Wheat; 741,100 mt which is above estimates of 400,000-600,000 mt.
Corn; 686,000 mt which is within estimates of 650,000-900,000 mt.
Soybeans; 890,600 mt which is within estimates of 700,000-1,000,000 mt.
Soybean meal; 232,500 mt which is within estimates of 125,000-325,000 mt.
Soybean oil; 24,000 mt which is above estimates of minus 5,000 to 20,000 mt.

  • CBOT markets closed higher with wheat picking up on the better than expected export data as well as a slightly weaker US$ and news of Russia’s intervention programme, which (if our data is correct) equates to about $215 FOB, some $20 below current levels, and appears to be the ONLY absolute floor in the market right now.
  • Whilst we may have now established a potential low level for wheat, it is likely that corn and soybeans have yet to do so and that will be difficult until such time as the USDA’s November yield data is released.

1 October 2014

  • Midday comments:
  • Markets received little in the way of a lift from yesterday’s USDA stocks report despite some of the the intrinsically bullish (historic) data therein.
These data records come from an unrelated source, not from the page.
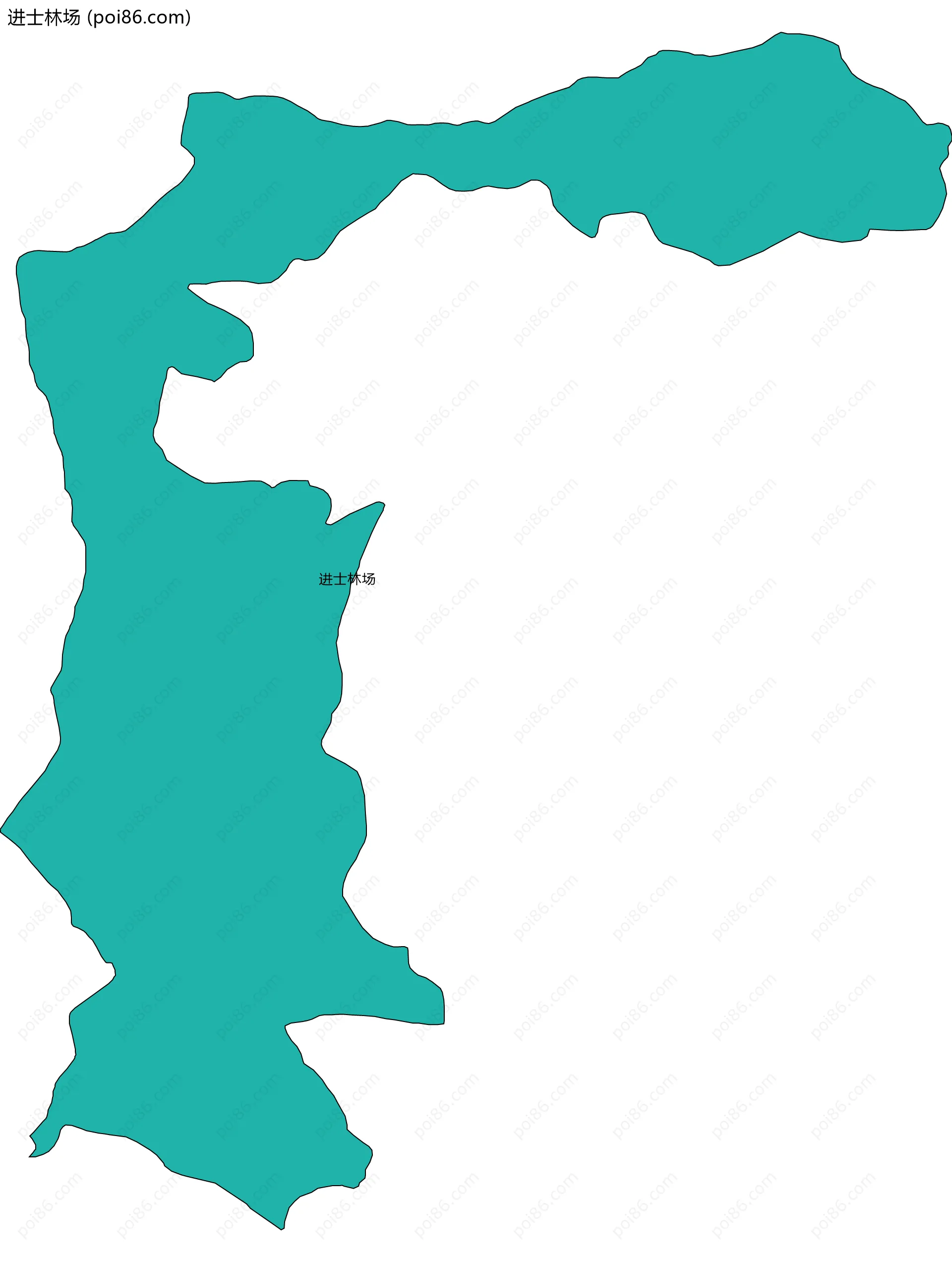 进士林场边界地图(五级行政区划)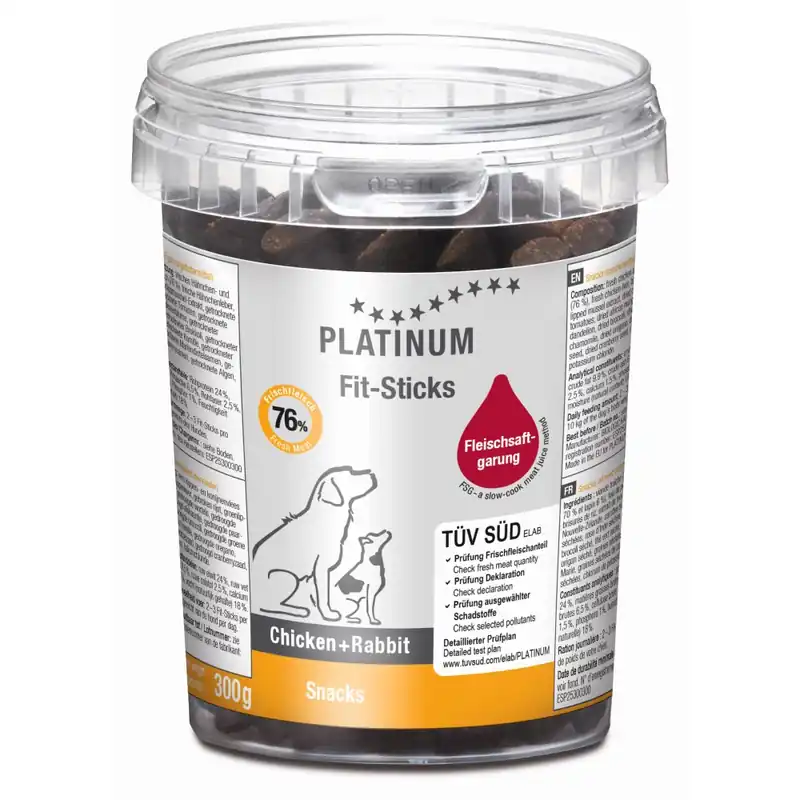 Platinum Fit-Sticks Chicken Rabbit 300g Köp online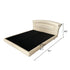 Chelsea Arc-shaped Headboard Calf Leather Floating Bed Frame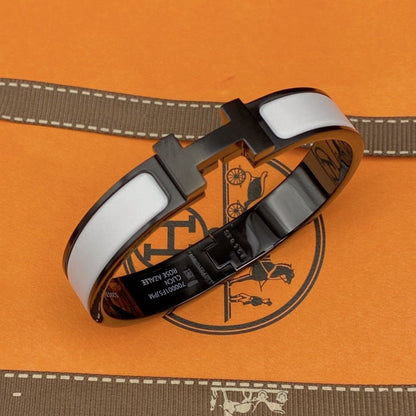[Kincade Jewelrys] PULSERA H 12MM CERÁMICA BLANCA Y NEGRA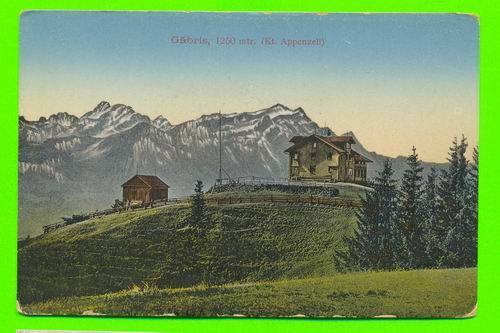 GABRIS, SUISSE - 1250 Mtr. ( KT. APPENZELL) - G. METZ - - Appenzell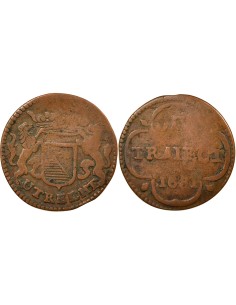 Pays-Bas 1 duit Cuivre 1681 Utrecht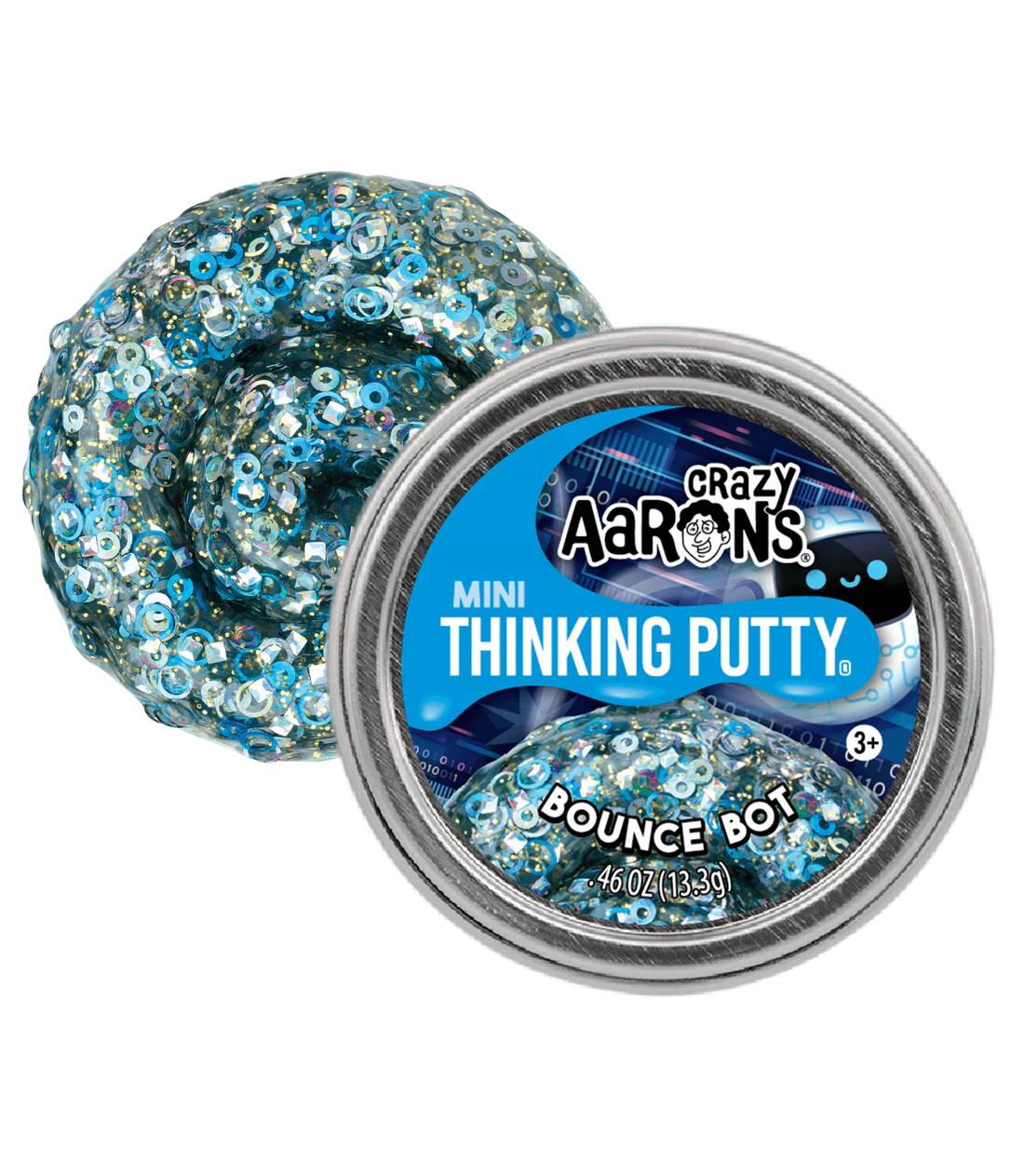 Crazy Aaron's: Bounce Bot - Mini Thinking Putty Tin (0.47 oz)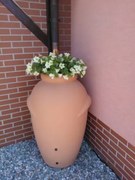 Garden Amphora esővíz hordó terrakotta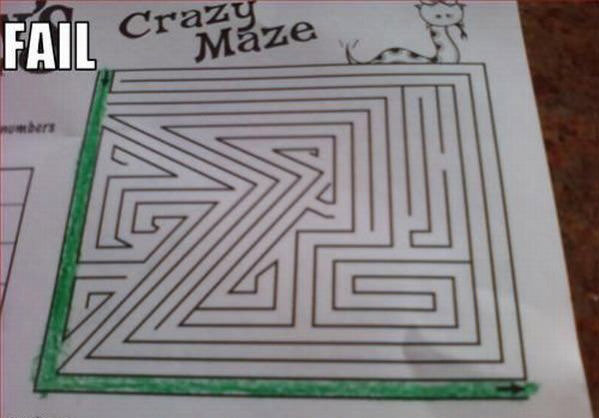 Crazy Maze Fail funny picture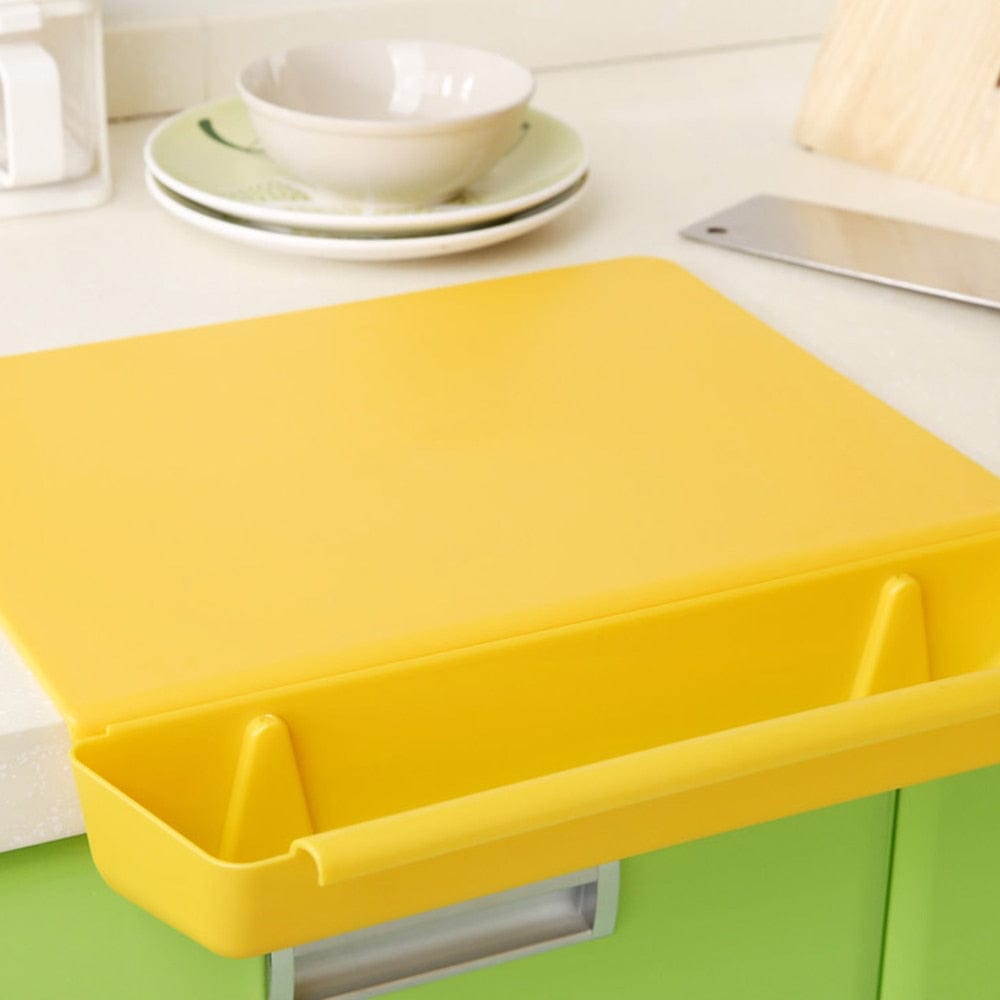 2-in-1 Creative Cutting Board with Side Storage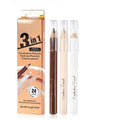 Regine Switzerland Eyebrow Lift Highlighting & Contour Pencil Set - Define & Fill Brows, 3 Pencils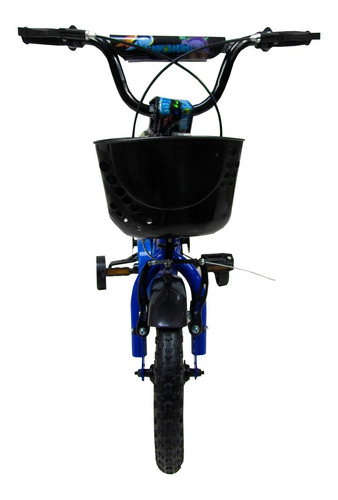 Imagen 2 de 9 de Bicicleta Rin 12 Deluxe Plt Dinosaurios Para Niños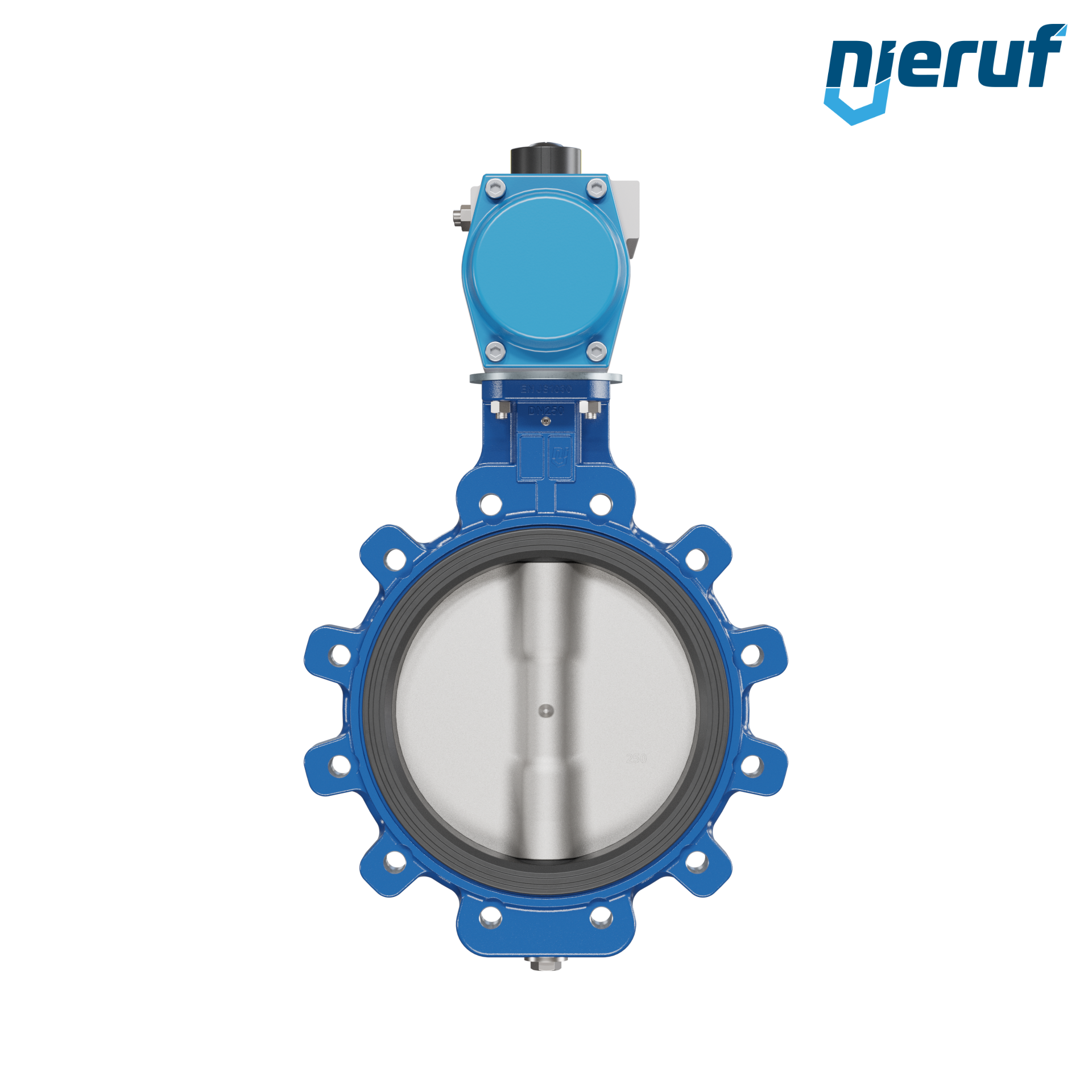 Butterfly valve DN 250 AK02 EPDM high temperature & FDA pneumatic actuator double acting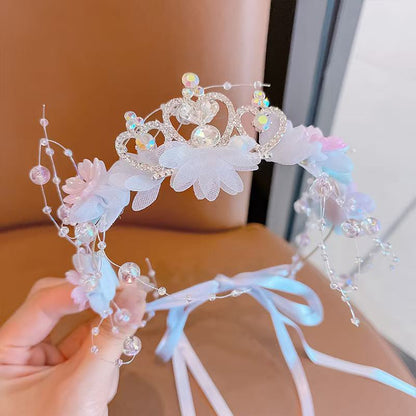 Kids Hair Accessory Girl Flower Pearl Head Accessory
The market has, instead, focussed on the fundamentally bearish picture looking forward rather than the historically bullish stock position, which is now behind us!
  • The one “big picture” warning has to remain in the large fund short positions which have the ability to trigger short covering rallies, which could be volatile and encourage following. However, as things stand right now we would still advocate a strategy of selling any such rally, which has proved correct so far this season.
  • Evening update:
  • Egypt secured 120,000 mt of wheat for early November ’14 shipment, all from France, in its latest tender today. The price, reported to be $241.20 C&F ($223.70 FOB) was clearly engineered by the eventual seller to be competitive. US wheat was conspicuous by its absence in the list of offers, Ukraine was $7.00 over, Russian $10.00 over, German $11.00 over and Romanian $14.00 over (all figures approximate and rounded). One Reuters news article suggesting that Russia has exited the export market should be ignored as this is highly unlikely to be factually correct, and potentially misleading.Their suggestion that 10 million mt is half the exportable surplus is wrong, the exportable surplus is more like 25 or 26 million mt; domestic grain demand has not risen 4 million mt since the embargo on food imports (livestock numbers just don’t grow that fast!) and intervention is not an issue as prices are far too low right now. Russia has to deal with good, old fashioned, competition in a market with big stocks right now and, with some 15 million mt left to export, we would expect to see them competing in the not too distant future.
  • Ukraine corn markets have need of some explanation insofar as official, AgMin,  data last week reduced their crop by 3 million mt, only to see 4.4 million mt added back today! Have their officials just opened a futures trading account? This has put the crop back to 30 million mt, maybe 27 million mt is a realistic number right now, but “official” data now comes with a health warning!
  • CBOT markets have traded either side of unchanged through the day with wheat, corn and soybeans closing just in positive territory. The trigger for the slight gains being cited as a correction in the technically oversold position. Next week sees the important USDA crop report, which will carry far more weight than yesterday’s stocks report and market participants will not wish to carry large risk into the report despite our longer term view, which remains unchanged! We steadfastly believe it is too early in the season to see a lasting price bottom being scored.